### Task objective:
Would you give back exactly the lines from the line with "To clear the" through the end of the entries below, both included, but none of the pictures?

### Source data:
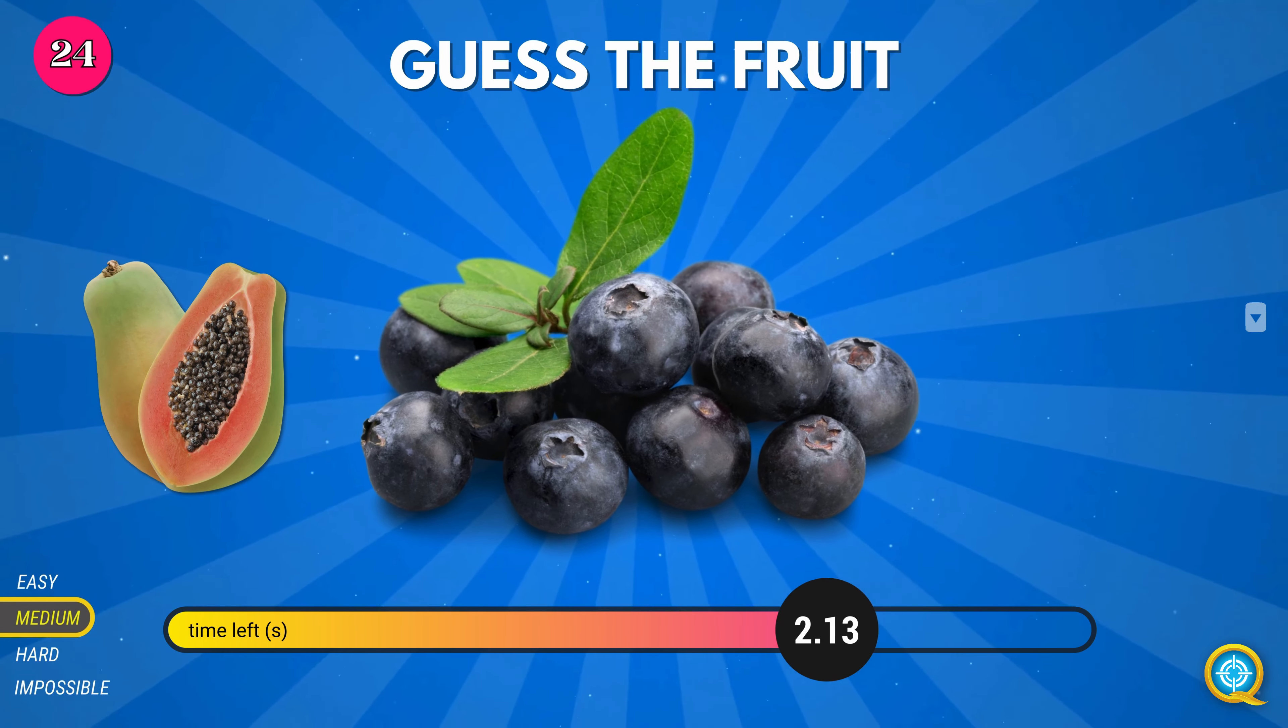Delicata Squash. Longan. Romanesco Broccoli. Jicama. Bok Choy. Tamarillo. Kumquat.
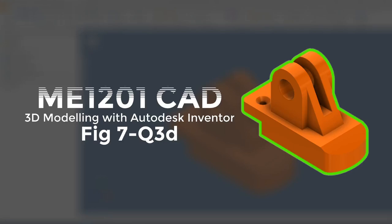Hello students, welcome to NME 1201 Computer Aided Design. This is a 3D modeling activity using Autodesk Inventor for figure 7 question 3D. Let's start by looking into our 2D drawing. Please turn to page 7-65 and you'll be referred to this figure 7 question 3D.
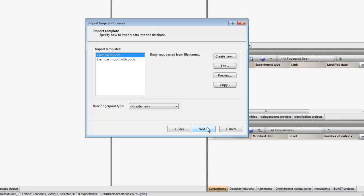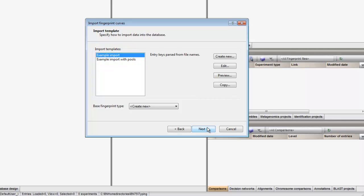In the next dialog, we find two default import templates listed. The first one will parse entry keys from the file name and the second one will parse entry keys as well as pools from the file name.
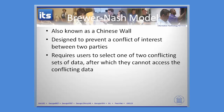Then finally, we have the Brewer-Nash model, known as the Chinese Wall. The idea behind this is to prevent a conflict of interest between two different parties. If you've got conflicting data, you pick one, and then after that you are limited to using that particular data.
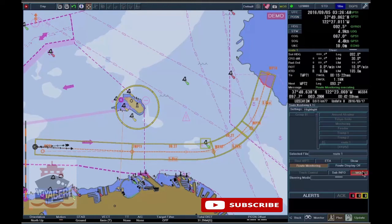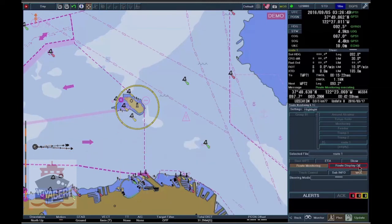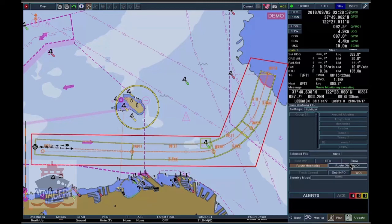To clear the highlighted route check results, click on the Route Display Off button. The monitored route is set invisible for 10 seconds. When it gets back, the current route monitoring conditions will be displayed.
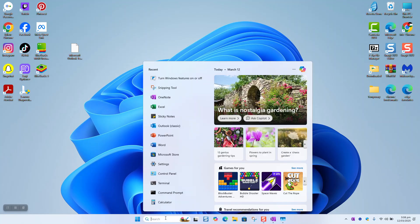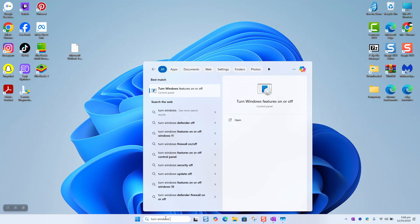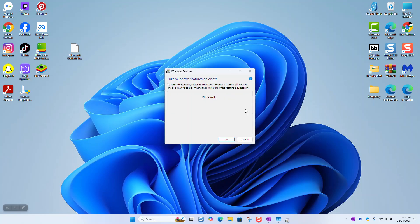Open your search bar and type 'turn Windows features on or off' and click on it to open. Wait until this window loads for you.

### Response area:
To clear the highlighted route check results, click on the Route Display Off button. The monitored route is set invisible for 10 seconds. When it gets back, the current route monitoring conditions will be displayed.
Open your search bar and type 'turn Windows features on or off' and click on it to open. Wait until this window loads for you.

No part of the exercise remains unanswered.